Introduction to four reviews of Breaking the Deadlock: The 2000 Election, the Constitution, and the Courts
Author(s) -
Peter Tillers
Publication year - 2002
Publication title -
law probability and risk
Language(s) - English
Resource type - Journals
SCImago Journal Rank - 0.524
H-Index - 14
eISSN - 1470-840X
pISSN - 1470-8396
DOI - 10.1093/lpr/1.1.49
Subject(s) - deadlock , constitution , political science , law , law and economics , computer security , computer science , sociology , programming language
On November 7, 2000, citizens of the United States of America went to the polls to elect a new President. The contest between the two main contenders for the American Presidency—George W. Bush and Albert Gore—was hard-fought. Moreover, several public opinion polls conducted shortly before November 7 suggested that the race between Bush and Gore was very close. So the results of the voting on November 7 were anxiously awaited. During the second half of the twentieth century US citizens had grown accustomed to learning the identity of their next President shortly after casting votes expressing their preferences among Presidential candidates. After the election of 1948 the outcomes of quadrennial Presidential races were often known the same day of such voting by the general public and, in any event, the identity of the winner of the Presidential race was usually reasonably certain the day following such voting. But the 2000 Presidential election did not follow the normal pattern: the outcome of the 2000 Presidential race remained unsettled for more than a month after ‘election day’.1 The phrase ‘Presidential election day’ is, strictly speaking, a misnomer when it is applied to a polling day such as November 7, 2000. Ordinary American citizens do vote in Presidential elections. But the votes of ordinary citizens do not directly elect American Presidents. The US Constitution provides that the President of the United States is to be elected—under normal circumstances—by a body commonly known as the ‘electoral college’.2 Under the American electoral college scheme each State of the United States of America is allocated a specific number of electors (according to a constitutionally prescribed formula). In the 2000 Presidential contest Florida was entitled to choose 25 such Presidential electors.
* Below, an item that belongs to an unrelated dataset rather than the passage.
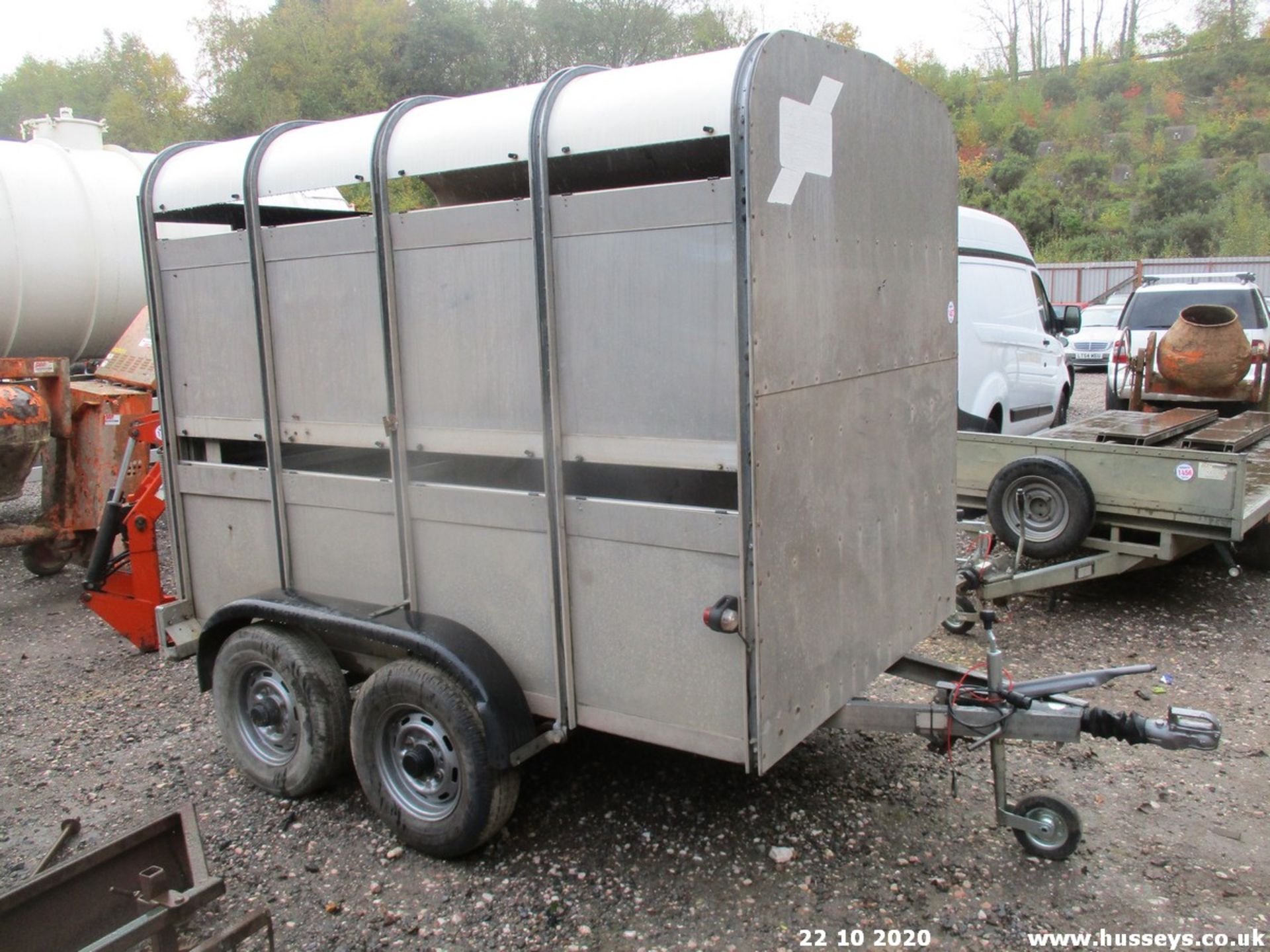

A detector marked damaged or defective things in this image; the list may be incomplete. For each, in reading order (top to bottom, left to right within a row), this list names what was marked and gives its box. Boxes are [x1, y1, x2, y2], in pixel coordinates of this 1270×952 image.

rusty metal frame [242, 121, 319, 588]
rusty metal frame [368, 97, 446, 612]
rusty metal frame [528, 65, 602, 736]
The total number of electors slated to be chosen by all of the various States for the 2000 Presidential election was 538. The American Constitution (it is generally believed) allows the election of a President by the electoral college only if an absolute majority of all authorized electors—i.e. a majority of 538 electors—vote in favour of a single presidential candidate.3 Hence, in the 2000 Presidential election the votes of 270 members of the electoral college were required to put a Presidential candidate ‘over the top’.